- **ASSIGNMENT**
Reproduce only the lines of the material below that start at the line containing "новия сезон Още" and stop at the line containing "E-Salud Centrada en". Keep both end lines.

- **GIVEN INFORMATION**
_ _ _ _

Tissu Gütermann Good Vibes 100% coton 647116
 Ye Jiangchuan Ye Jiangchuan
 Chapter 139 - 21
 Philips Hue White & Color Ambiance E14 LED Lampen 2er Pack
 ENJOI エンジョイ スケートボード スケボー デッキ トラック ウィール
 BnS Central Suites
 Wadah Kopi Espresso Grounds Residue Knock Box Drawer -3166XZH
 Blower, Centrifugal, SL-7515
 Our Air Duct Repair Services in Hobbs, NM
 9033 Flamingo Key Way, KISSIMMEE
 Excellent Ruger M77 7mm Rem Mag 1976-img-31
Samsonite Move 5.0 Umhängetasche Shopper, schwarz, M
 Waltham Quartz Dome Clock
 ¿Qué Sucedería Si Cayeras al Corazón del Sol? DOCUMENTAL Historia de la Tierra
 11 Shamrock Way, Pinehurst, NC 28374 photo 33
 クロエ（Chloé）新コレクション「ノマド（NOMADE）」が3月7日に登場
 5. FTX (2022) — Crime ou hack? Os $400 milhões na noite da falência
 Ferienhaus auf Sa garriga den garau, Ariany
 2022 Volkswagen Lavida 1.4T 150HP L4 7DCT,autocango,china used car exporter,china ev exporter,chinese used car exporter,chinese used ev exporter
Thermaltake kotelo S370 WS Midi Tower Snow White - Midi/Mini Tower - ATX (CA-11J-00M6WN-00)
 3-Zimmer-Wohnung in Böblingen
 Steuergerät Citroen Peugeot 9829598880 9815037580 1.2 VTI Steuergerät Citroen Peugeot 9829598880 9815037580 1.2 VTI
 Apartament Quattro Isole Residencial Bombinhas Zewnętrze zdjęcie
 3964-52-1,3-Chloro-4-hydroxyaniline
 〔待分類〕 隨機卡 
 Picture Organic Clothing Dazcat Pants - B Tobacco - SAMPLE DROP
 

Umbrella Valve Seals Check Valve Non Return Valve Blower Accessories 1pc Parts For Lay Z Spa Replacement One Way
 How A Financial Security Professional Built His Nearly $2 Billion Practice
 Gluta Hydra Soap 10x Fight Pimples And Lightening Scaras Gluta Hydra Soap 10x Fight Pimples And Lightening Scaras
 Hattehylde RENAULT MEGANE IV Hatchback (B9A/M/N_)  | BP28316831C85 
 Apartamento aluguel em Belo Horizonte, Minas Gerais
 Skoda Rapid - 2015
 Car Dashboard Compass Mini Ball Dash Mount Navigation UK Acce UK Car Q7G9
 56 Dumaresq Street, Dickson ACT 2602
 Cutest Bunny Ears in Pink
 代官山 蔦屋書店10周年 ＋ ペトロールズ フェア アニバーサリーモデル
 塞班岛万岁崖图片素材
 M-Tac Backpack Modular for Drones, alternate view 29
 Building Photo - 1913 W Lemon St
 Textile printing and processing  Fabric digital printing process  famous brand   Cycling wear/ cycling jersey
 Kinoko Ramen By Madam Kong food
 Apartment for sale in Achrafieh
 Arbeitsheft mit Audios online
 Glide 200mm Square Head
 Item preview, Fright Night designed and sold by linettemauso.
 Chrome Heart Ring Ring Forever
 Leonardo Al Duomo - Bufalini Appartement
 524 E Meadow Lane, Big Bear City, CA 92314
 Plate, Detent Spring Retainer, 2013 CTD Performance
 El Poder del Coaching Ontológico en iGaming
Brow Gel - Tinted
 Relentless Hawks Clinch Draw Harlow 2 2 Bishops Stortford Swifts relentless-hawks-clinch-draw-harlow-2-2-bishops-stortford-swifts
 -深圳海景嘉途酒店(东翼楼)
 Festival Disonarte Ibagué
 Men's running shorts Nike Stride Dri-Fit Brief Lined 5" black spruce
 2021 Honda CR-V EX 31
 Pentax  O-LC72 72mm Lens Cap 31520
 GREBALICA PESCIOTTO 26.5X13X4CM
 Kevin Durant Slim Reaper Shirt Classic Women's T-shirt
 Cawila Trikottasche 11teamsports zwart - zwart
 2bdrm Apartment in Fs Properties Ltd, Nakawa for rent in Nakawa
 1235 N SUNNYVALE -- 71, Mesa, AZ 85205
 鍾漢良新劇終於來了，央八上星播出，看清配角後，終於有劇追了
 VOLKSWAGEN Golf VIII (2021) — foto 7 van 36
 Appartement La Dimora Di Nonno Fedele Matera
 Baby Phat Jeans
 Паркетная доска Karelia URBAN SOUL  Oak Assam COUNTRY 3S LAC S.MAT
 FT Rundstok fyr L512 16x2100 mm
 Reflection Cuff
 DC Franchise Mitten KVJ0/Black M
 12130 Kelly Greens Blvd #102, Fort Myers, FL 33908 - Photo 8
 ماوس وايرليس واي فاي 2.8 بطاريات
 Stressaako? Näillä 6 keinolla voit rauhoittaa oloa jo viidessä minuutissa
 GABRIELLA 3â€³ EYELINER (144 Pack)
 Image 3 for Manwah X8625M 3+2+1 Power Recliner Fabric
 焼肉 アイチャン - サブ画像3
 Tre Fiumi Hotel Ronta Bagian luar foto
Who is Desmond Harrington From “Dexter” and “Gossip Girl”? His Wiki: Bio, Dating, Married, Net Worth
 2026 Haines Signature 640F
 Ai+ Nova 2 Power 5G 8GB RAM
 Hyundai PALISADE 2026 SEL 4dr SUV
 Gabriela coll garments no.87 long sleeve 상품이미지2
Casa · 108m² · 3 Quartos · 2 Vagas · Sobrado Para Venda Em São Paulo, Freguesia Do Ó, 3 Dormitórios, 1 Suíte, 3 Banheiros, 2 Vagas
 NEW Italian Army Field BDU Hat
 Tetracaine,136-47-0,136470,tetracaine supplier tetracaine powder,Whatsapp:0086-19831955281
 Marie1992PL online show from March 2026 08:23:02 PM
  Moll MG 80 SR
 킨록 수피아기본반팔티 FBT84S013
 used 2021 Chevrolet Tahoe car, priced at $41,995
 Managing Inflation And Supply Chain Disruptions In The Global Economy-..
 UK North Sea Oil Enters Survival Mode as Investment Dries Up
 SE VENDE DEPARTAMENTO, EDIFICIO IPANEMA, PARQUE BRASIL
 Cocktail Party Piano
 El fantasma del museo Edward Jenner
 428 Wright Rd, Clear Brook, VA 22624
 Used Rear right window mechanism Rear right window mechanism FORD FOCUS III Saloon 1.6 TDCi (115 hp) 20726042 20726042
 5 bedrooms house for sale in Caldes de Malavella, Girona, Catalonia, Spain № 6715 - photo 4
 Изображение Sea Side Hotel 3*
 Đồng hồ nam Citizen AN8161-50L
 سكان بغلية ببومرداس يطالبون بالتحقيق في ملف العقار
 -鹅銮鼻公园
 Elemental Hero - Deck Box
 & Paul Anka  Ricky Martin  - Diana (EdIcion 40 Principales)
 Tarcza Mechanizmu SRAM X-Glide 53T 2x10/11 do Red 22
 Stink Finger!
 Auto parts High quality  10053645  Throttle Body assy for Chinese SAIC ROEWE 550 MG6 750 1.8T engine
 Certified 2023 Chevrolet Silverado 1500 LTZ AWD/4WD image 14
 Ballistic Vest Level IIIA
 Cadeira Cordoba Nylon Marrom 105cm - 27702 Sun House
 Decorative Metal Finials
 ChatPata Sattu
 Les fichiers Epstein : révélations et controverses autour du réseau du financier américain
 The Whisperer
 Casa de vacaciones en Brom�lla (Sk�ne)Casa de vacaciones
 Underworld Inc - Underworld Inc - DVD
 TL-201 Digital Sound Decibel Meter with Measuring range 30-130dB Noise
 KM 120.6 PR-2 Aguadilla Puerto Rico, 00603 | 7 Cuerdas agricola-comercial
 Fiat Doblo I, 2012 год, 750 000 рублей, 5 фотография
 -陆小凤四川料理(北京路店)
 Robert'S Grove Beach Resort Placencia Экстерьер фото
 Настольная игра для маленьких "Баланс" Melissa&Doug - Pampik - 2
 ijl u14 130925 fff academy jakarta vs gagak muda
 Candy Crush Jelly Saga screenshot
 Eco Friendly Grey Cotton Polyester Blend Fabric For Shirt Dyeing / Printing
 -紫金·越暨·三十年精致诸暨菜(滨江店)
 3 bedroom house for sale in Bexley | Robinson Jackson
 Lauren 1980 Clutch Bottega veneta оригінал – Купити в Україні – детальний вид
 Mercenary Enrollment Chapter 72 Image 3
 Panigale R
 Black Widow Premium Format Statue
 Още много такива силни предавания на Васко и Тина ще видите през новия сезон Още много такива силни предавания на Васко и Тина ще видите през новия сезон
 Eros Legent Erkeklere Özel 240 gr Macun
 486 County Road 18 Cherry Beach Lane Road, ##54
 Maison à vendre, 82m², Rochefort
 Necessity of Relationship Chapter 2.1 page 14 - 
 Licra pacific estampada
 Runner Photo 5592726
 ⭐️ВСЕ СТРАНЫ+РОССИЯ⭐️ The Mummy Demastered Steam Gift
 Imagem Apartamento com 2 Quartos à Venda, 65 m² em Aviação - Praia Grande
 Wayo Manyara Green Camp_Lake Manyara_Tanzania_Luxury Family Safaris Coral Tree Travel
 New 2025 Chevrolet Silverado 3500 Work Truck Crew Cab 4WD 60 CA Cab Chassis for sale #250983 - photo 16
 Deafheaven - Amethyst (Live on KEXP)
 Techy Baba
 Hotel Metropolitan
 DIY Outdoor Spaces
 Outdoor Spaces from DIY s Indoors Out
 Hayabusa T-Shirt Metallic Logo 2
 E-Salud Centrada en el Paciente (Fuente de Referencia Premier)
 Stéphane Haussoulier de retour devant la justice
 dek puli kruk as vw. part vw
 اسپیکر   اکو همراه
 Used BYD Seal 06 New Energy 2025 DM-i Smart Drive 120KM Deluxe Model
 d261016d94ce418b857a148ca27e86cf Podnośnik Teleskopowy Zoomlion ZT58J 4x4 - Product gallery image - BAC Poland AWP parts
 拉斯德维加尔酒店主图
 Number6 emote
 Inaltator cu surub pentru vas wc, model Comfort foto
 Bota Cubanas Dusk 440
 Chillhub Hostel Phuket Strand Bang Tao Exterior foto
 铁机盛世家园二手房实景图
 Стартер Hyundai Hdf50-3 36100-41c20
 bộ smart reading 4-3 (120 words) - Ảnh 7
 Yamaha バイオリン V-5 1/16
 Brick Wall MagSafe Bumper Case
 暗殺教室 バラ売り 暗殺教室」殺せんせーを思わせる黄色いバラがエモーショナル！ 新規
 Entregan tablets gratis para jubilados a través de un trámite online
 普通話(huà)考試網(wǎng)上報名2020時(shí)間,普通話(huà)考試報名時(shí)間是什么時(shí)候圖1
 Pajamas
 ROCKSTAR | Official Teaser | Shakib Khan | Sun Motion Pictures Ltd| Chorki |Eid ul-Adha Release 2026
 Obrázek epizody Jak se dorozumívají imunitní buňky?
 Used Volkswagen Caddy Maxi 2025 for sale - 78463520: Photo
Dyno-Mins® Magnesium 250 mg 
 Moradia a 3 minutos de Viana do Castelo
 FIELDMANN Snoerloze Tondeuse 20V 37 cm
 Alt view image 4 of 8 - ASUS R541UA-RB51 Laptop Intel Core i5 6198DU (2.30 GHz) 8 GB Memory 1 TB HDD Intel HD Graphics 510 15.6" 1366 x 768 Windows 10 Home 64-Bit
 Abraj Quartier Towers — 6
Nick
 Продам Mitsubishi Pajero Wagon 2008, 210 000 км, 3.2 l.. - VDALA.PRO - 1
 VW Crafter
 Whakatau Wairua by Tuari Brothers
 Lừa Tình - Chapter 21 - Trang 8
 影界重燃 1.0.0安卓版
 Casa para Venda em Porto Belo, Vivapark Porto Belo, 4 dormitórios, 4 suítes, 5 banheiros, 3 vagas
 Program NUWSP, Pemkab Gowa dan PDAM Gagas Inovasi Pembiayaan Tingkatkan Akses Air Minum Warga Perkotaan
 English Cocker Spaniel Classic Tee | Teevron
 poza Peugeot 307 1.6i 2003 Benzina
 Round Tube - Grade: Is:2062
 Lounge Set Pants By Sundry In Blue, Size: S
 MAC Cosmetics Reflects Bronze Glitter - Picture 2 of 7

_ _ _ _

- **TASK ANSWER**
 Още много такива силни предавания на Васко и Тина ще видите през новия сезон Още много такива силни предавания на Васко и Тина ще видите през новия сезон
 Eros Legent Erkeklere Özel 240 gr Macun
 486 County Road 18 Cherry Beach Lane Road, ##54
 Maison à vendre, 82m², Rochefort
 Necessity of Relationship Chapter 2.1 page 14 - 
 Licra pacific estampada
 Runner Photo 5592726
 ⭐️ВСЕ СТРАНЫ+РОССИЯ⭐️ The Mummy Demastered Steam Gift
 Imagem Apartamento com 2 Quartos à Venda, 65 m² em Aviação - Praia Grande
 Wayo Manyara Green Camp_Lake Manyara_Tanzania_Luxury Family Safaris Coral Tree Travel
 New 2025 Chevrolet Silverado 3500 Work Truck Crew Cab 4WD 60 CA Cab Chassis for sale #250983 - photo 16
 Deafheaven - Amethyst (Live on KEXP)
 Techy Baba
 Hotel Metropolitan
 DIY Outdoor Spaces
 Outdoor Spaces from DIY s Indoors Out
 Hayabusa T-Shirt Metallic Logo 2
 E-Salud Centrada en el Paciente (Fuente de Referencia Premier)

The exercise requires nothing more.